Town officials tried using a waiver process to have them approved anyway but received two objections — one from a resident concerned with home occupation rules and the other from Joseph Sinopoli III, who was seeking a permit for a gravel pit and was unaware that those were to be eliminated.
The complaint was enough for the attorney general's office to outright deny the bylaws, which opens the door for Sinopoli to receive a permit for his gravel pit and forces the town to redo the notification and hearing process. Voters will have to re-vote the changes at a special town meeting in the fall.
In other business, town officials are looking to reduce the police cruiser fleet by one car following an accident that totaled one vehicle. A 2008 Impala was destroyed recently when an officer hit a rock in the Vacation Village parking lot. Police Chief Mark Bashera asked the board to replace the cruiser but the Board of Selectmen were concerned with the number of vehicles as well as the need to replace the fire chief's vehicle.
According to interim Town Administrator Joseph Kellogg, Bashera agreed to reduce a vehicle if the town will purchase a new four-wheel drive cruiser. A Ford Expedition the police have is in need of repair and Bashera will give that sport-utility vehicle to the Fire Department.
The Expedition will need a new motor and Kellogg said the repairs would come out of the police budget initially and then the cost transferred out of the Fire Department's budget.
"The chief said he'd be willing to reduce his fleet by one if he could replace the one that got wrecked with a four-wheel drive vehicle now," Kellogg said on Monday. "He would use his budget to repair the vehicle. We would order the new four-wheel drive vehicle and when that came in, he'd turn it over to the Fire Department."
Bashera had asked for a used vehicle but Kellogg suggested using the town's reserve account to buy a new one and push back the next purchase. However, after talking with the Finance Committee, which needs to approve using those funds, Kellogg said they will have to put it to a town vote on how to pay for the new car.
"Finance Committee thinks this should be presented to the voters in the fall. They don't want to take it out of reserves," Kellogg said.
Also on Monday, the Selectmen approved upping the electrical inspection rates and expressed concern with the amount of construction that is happening without permits.
The new rates include $55 for residential, hotel and motel permits, $55 for inspection (after the first which is included in the permit), $180 for multi-family homes with an additional $50 for each additional unit and a minimum of $100 for commercial and industrial inspections with .07 cents per square foot.
Wiring inspector Joseph Knysh reported that he has found many commercial businesses performing upgrades without a permit or inspection.
"I think we should impose a fine," Knysh told the board. "Some of the stores just hire their own electrician or plumber."

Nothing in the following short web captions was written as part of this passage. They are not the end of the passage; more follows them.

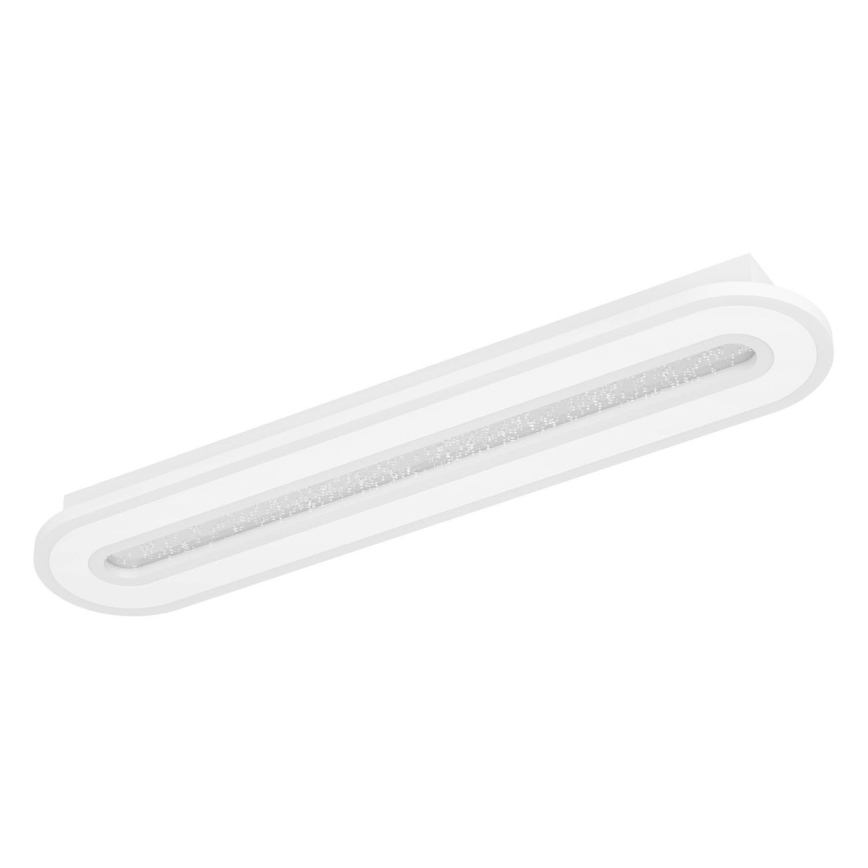 Eglo - LED Dimmable ceiling light LED/20W/230V 2700-6500K white + remote control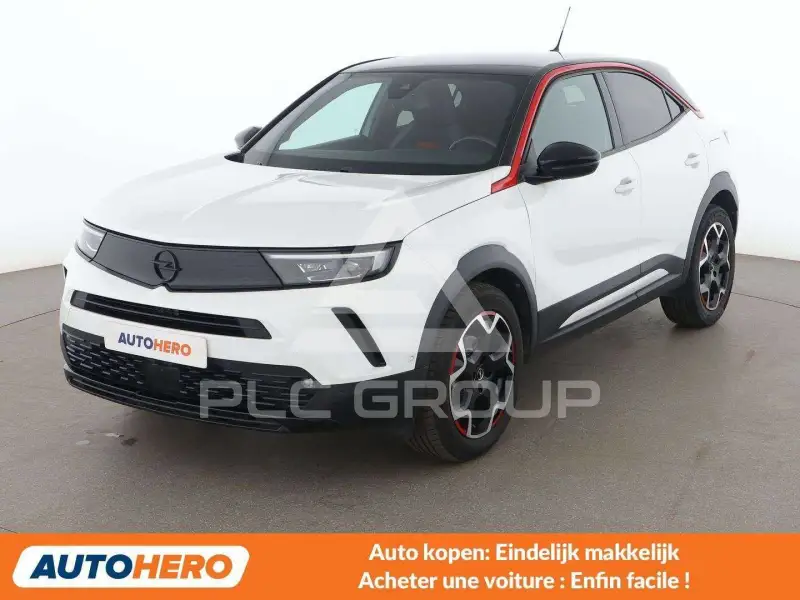 2022 Opel Mokka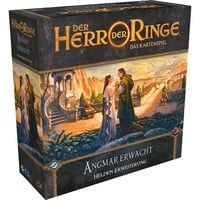 0841333116545 - Herr der Ringe Das Kartenspiel - Angmar erwacht (Ermittler) (Spiel)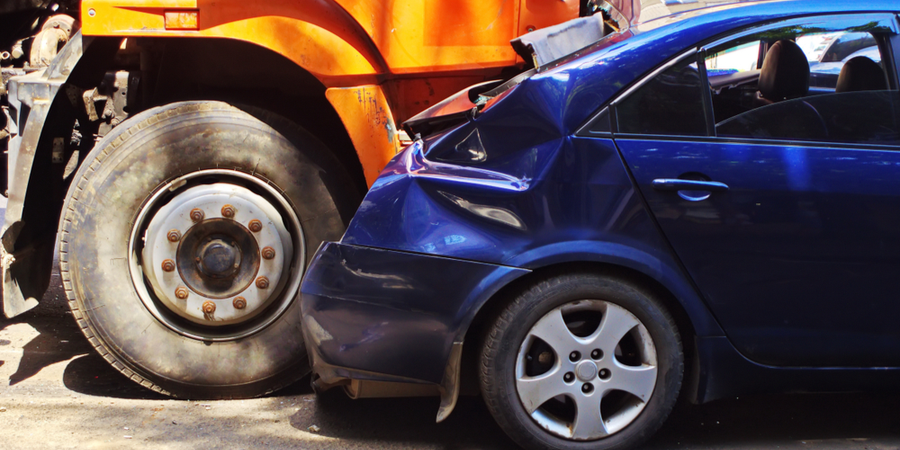 Truck Driver Health Issues Can Lead to Crashes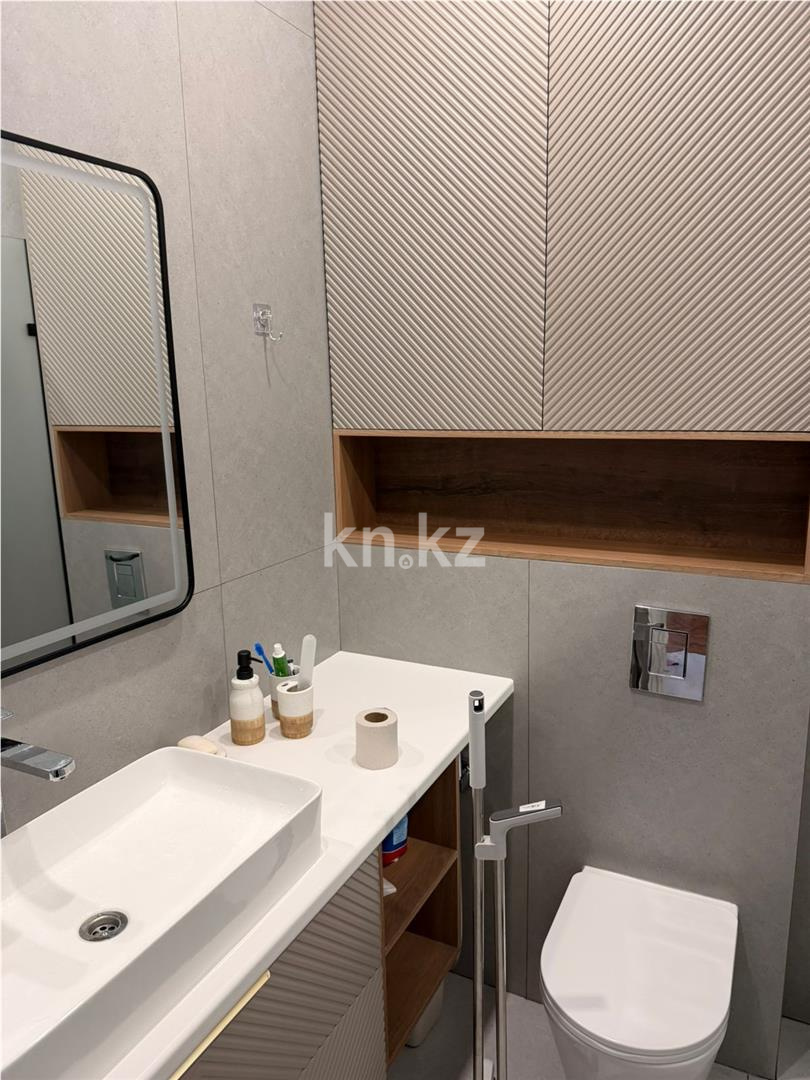 Продажа 1-комнатной квартиры, 44 м² - Продажа квартир в новостройках Астаны - страница 3 фото 22 из 25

He said he has recently found a store in the Berkshire Mall and a store on Route 7 that were not permitted. However, he said he was asked specifically about them. He can't "patrol" for permits.
The Selectmen said they will get the inspectors together and find a way to combat the illegal building.
"A problem we have is that we have only part-time inspectors," Selectman Robert Barton said.
• The board also denied a resident's request to install a streetlight on Sunrise Street. Kellogg said he twice had police look at the lighting to see if it caused a public hazard but the department was unwilling to make a recommendation either way.
• Selectmen also approved spending about $110,000 of Chapter 90 funds for road projects. An additional $51,000 is being put aside for next year and is eyed for a new culvert on Putnam Road.
• Kellogg reported that 41 applicants for town administrator have been reviewed by the search committee and has been narrowed down to seven. The committee will interview those seven in the next two weeks and recommend three or four finalist for the Selectmen to interview.
• Daniel Mange, owner of Mange Auto in Cheshire, told the board that he is considering moving his business to town and wanted direction on getting proper permits. Mange did not reveal where he was looking to locate the business but that he was looking to be there by the end of October.
• Kellogg reported that the state Department of Environmental Protection is increasing the number of required wells that need to be tested on a yearly basis after toxins were found in a resident's water supply. DEP is still researching the cause of the pollution in Joseph Trybus' well but so far all of the tests of nearby wells has returned clean, Kellogg said.